(What the exercise asks)
State how many lines of the records contain the string "Synthetic". Give the number alone.

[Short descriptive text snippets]
_ _ _

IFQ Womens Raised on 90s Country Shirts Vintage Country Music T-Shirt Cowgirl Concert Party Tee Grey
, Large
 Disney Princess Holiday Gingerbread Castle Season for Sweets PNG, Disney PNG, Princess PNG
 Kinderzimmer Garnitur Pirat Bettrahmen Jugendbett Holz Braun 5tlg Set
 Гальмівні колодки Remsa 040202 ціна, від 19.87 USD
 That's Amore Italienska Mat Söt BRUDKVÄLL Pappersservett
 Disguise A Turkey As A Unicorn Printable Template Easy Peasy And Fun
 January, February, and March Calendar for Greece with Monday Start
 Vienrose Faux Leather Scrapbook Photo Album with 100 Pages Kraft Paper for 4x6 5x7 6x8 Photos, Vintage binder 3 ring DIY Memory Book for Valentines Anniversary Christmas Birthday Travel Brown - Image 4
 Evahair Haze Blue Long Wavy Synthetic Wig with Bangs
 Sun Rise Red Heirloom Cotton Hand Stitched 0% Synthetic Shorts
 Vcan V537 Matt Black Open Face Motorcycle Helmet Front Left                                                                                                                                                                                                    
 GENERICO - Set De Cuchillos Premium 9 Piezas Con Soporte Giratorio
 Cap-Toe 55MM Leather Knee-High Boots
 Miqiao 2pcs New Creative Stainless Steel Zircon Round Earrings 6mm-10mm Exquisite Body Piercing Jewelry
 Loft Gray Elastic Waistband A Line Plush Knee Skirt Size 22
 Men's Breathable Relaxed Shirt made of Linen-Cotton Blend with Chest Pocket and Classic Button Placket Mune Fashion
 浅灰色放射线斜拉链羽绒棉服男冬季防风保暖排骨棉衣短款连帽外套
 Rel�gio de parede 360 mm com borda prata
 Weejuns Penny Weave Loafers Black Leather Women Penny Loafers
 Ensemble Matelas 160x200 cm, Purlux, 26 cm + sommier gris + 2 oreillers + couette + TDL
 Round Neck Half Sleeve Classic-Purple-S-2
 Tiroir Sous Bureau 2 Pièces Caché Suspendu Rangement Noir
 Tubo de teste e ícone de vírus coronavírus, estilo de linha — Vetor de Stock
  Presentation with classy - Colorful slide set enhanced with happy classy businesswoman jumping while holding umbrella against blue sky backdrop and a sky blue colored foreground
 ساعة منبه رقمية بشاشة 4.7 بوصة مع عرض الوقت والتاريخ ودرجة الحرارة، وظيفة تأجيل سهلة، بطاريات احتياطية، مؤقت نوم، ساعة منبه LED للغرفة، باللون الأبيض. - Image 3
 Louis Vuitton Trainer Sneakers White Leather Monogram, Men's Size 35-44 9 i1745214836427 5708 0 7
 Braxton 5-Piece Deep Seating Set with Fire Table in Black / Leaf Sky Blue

_ _ _

(Written response)
2